• **What this task involves**: The response should contain only the line with "Tom Clancy's Ghost" and every line after it to the end of the listing below, duplicated exactly; no picture belongs in it.

• **Exercise inputs**:
● ● ● ●
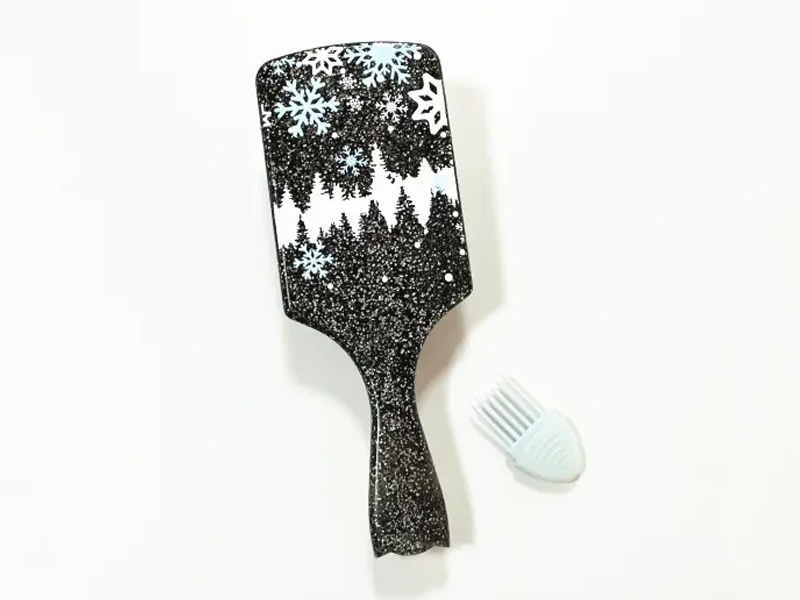 Escova de cabelo com remo de fácil limpeza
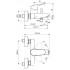 Смеситель Ideal Standard Ceraflex B1721AA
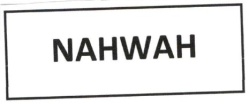 Trademark NAHWAH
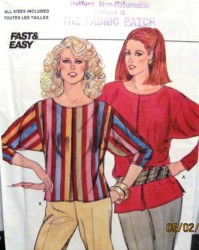 4626 70s JUST A NICE LOOSE FIT SLEEVE TOP LENGTHS PATTERN 6-22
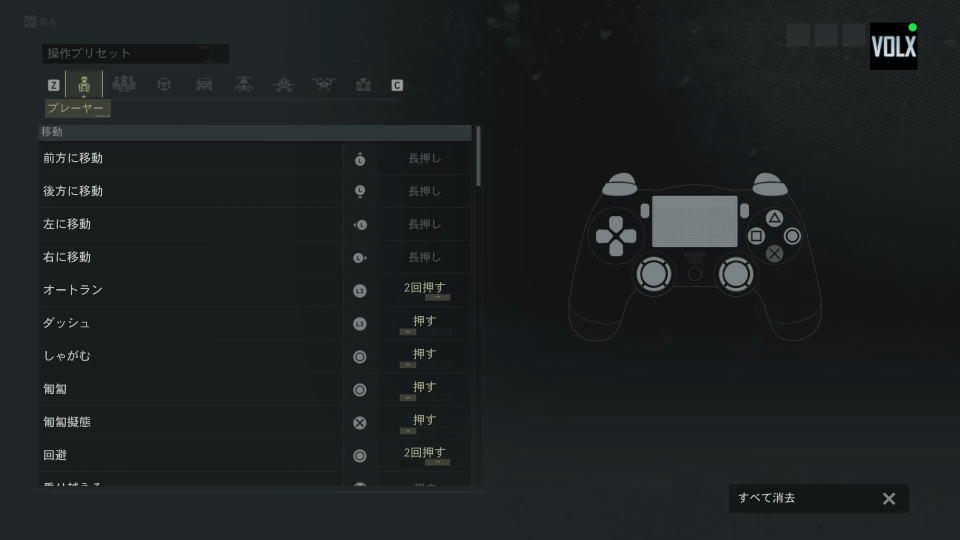 Tom Clancy's Ghost Recon Breakpointのコントローラー設定
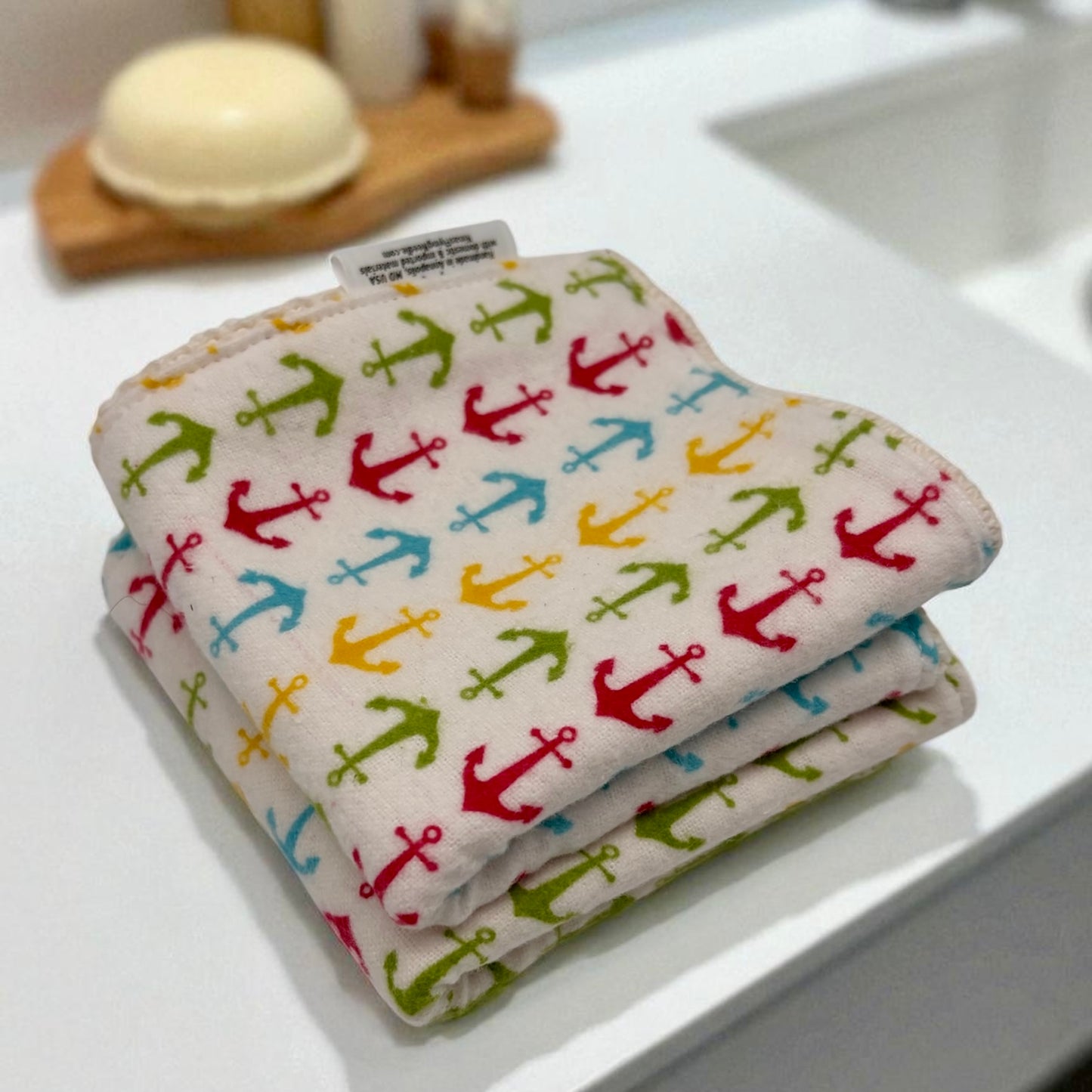 Wash Cloth - Regular - Anchors Colorful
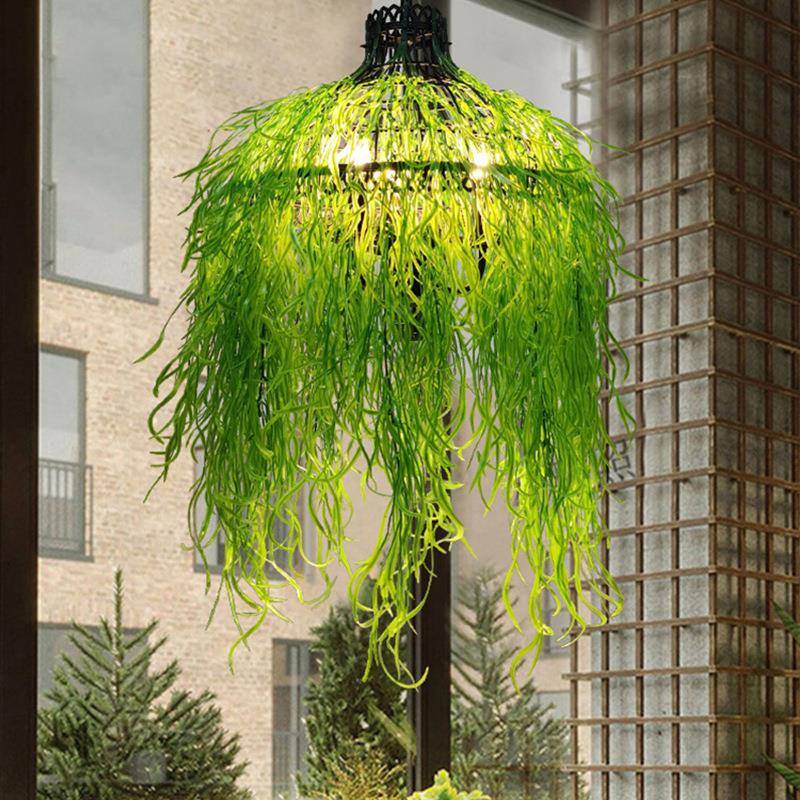 工业风个餐厅吊灯性火锅店酒吧吧餐吧卡座灯咖啡具厅绿植灯装清饰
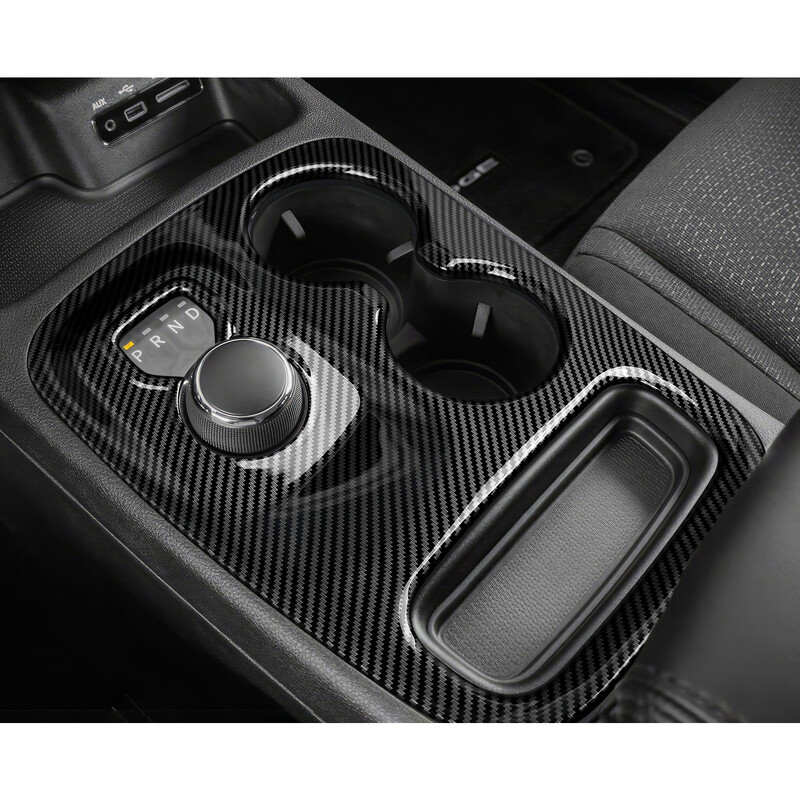 Decorație centrală din fibră de carbon pentru panoul schimbătorului de viteze, potrivite pentru Dodge Durango 2014 2015 2016 2017 2018 2019 2020 Accesorii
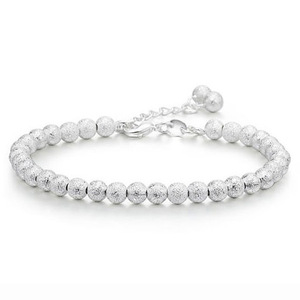 Haute qualité <span class=keywords><strong>pas</strong></span> <span class=keywords><strong>cher</strong></span> personnalisé <span class=keywords><strong>fantaisie</strong></span> 5mm <span class=keywords><strong>Bracelet</strong></span> perlé mode femmes S925 argent Sterling plaqué perlé femmes <span class=keywords><strong>Bracelet</strong></span> bijoux - Product Image 1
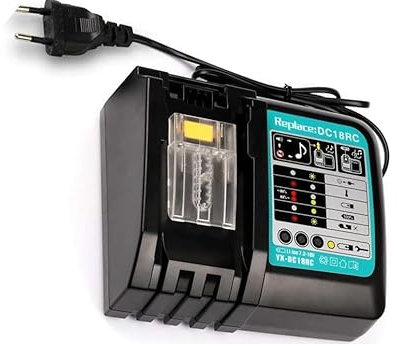 18V Ladegerät für 14,4V-18V Lithium-Ionen-Akku, Ersatz für Makita DC18RC, 3A Ersatz-Ladegerät für Makita Akku 18V BL1845B BL1840B BL1835B BL1830B BL1825B BL1820B BL1815 BL1845 BL1840 BL1835 BL1830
● ● ● ●
• **Exercise output**:
 Tom Clancy's Ghost Recon Breakpointのコントローラー設定
 Wash Cloth - Regular - Anchors Colorful
 工业风个餐厅吊灯性火锅店酒吧吧餐吧卡座灯咖啡具厅绿植灯装清饰
 Decorație centrală din fibră de carbon pentru panoul schimbătorului de viteze, potrivite pentru Dodge Durango 2014 2015 2016 2017 2018 2019 2020 Accesorii
 Haute qualité <span class=keywords><strong>pas</strong></span> <span class=keywords><strong>cher</strong></span> personnalisé <span class=keywords><strong>fantaisie</strong></span> 5mm <span class=keywords><strong>Bracelet</strong></span> perlé mode femmes S925 argent Sterling plaqué perlé femmes <span class=keywords><strong>Bracelet</strong></span> bijoux - Product Image 1
 18V Ladegerät für 14,4V-18V Lithium-Ionen-Akku, Ersatz für Makita DC18RC, 3A Ersatz-Ladegerät für Makita Akku 18V BL1845B BL1840B BL1835B BL1830B BL1825B BL1820B BL1815 BL1845 BL1840 BL1835 BL1830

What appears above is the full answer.